What you eat on a Tropical Isle in the Caribbean tends to be brought in from somewhere else, and the most creative chef might not be creative enough to overcome the extended stopover that had to be made in St. Thomas or San Juan while the waybill problem was being sorted out. An Actual Place may have a cuisine of its own. At the least, it has the capacity to grow a head of lettuce.

Barbados, the most densely populated country in the Western Hemisphere, is definitely an Actual Place. A lot of it resembles the unzoned outskirts of a rather large city—although there are also vast sugarcane fields and some spectacular beaches and a lot of estates inhabited in the winter by enormously rich people from England and America. It has a substantial history and a legislature of ancient vintage. Some would say that it has its own language: The island accent shades into a patois that is sometimes called Bajan, musical to the ear and rich in proverbs and sometimes difficult for a foreigner to understand. Once, at a stand at the Cheapside Market in Bridgetown, I asked about a vaguely familiar fried object next to the fish cakes, and the pleasant young woman in charge said something that sounded like "jaahm steak." As the young woman handed it to me, I asked her how it was spelled, and she began: "d-r-u…" I took a closer look. It was a drumstick.

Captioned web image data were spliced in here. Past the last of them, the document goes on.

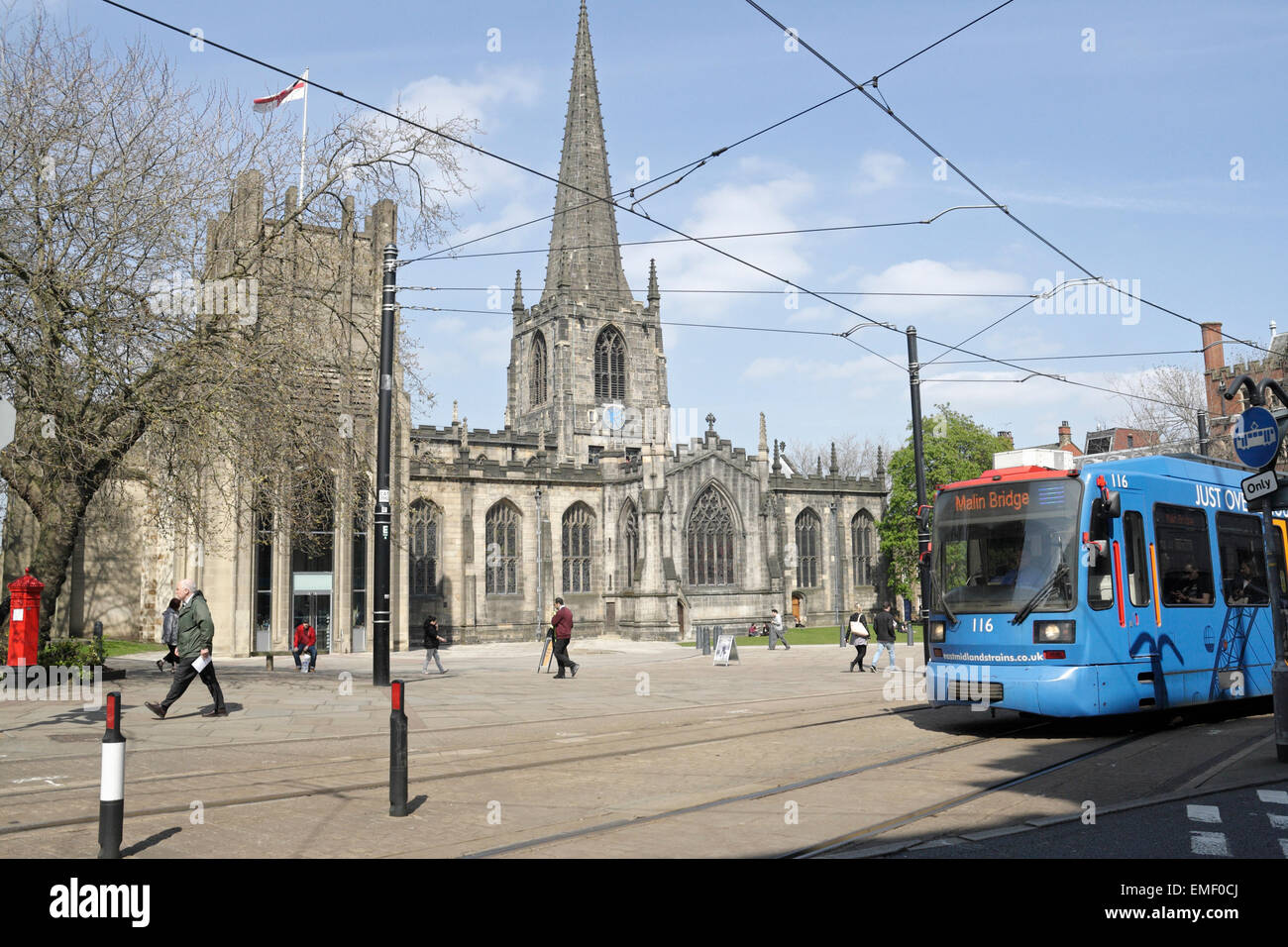 Sheffield cattedrale chiesa e Supertram Inghilterra Regno Unito. Centro città Foto Stock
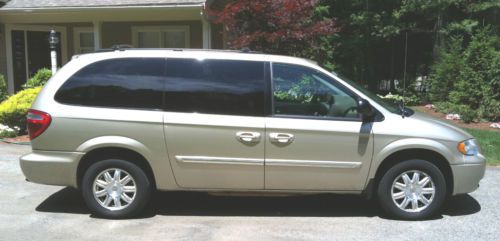 1-Owner 104k miles, no repairs needed, great family transporter, US $4,900.00, image 1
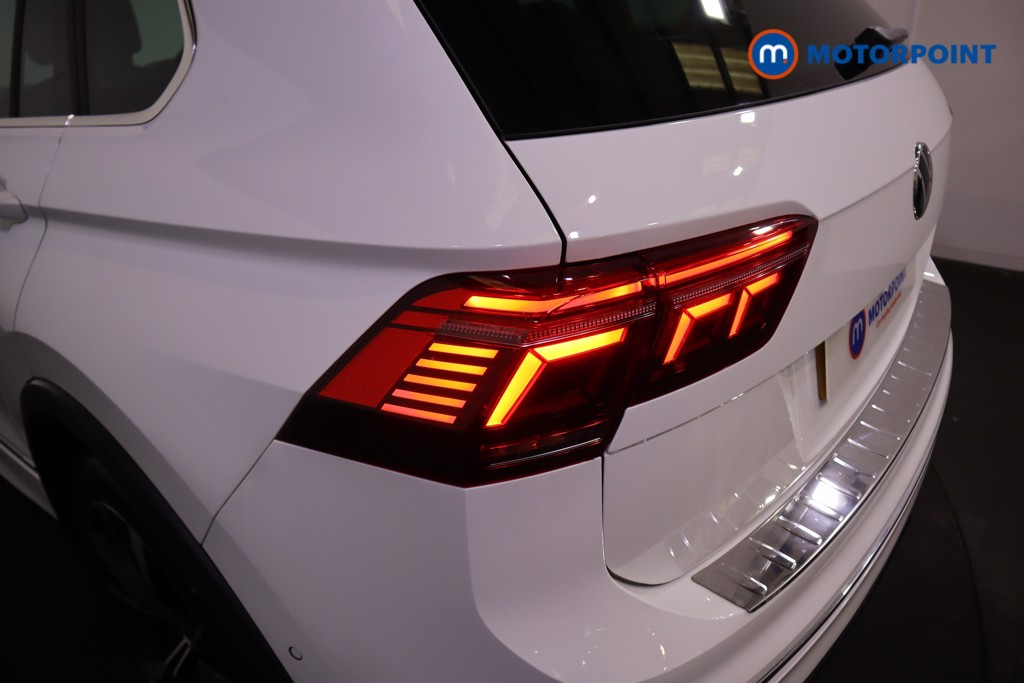 Volkswagen Tiguan R-Line Automatic Diesel SUV - Stock Number (1594093) - 30th supplementary image
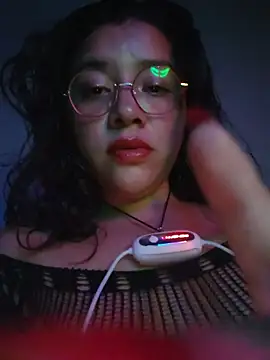 Vivi_Kvsh live cam on StripChat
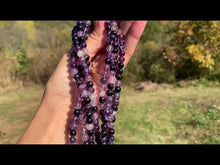 Charger et lire la vidéo dans la visionneuse de la Galerie, Perles en fluorite / fluorine entre 4 et 10mm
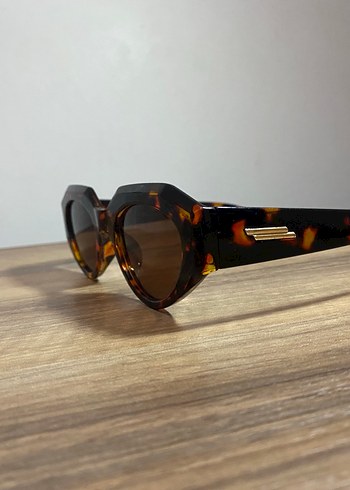 Kahverengi Tokalı Kadın Gözlüğü - Görsel 6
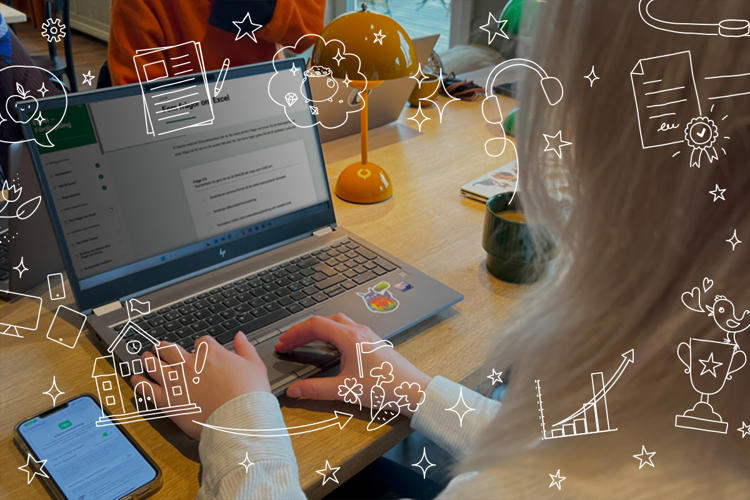 Händer på en laptops tangentbord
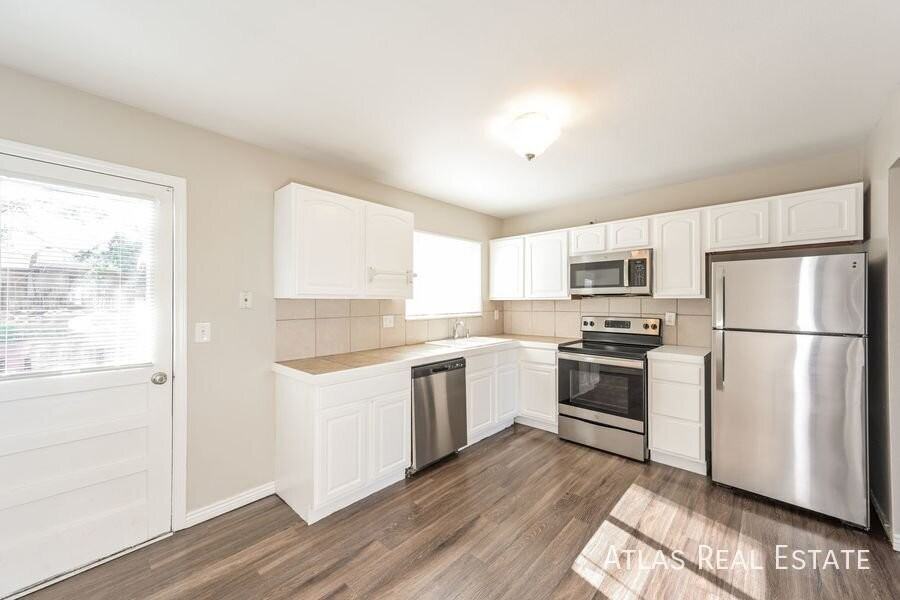 9936 Fillmore St - Photo 5 of 21
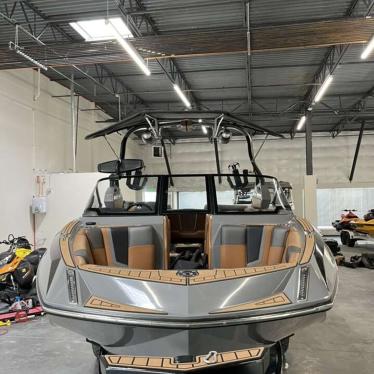 2019 Custom nautique g23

Barbados also has a strong local specialty: fish. The flying fish—a small, silver creature found in great schools that take occasional orchestrated leaps out of the water—is essentially the icon of the country, used in mottoes and logos in the way Americans use the bald eagle. Even though a flying fish is not much larger than a sardine, Bajans customarily butterfly it. Then they fry it, and often put it in a round roll to make the sort of sandwich they call a cutter—dressed with coleslaw or salad or the mustard-based pepper sauce that Bajans are referring to when they say, "You want pepper?" (The bald eagle may be more majestic, but try making a sandwich out of it.) As the freeze clung to New York last February, I thought of flying fish. I also thought of dolphin and marlin and swordfish and tuna and kingfish. I thought of Enid's fried chicken. In my thoughts, they were sizzling in a skillet on Baxters Road. We made arrangements to go to Barbados. The Tropical Isle would have to wait.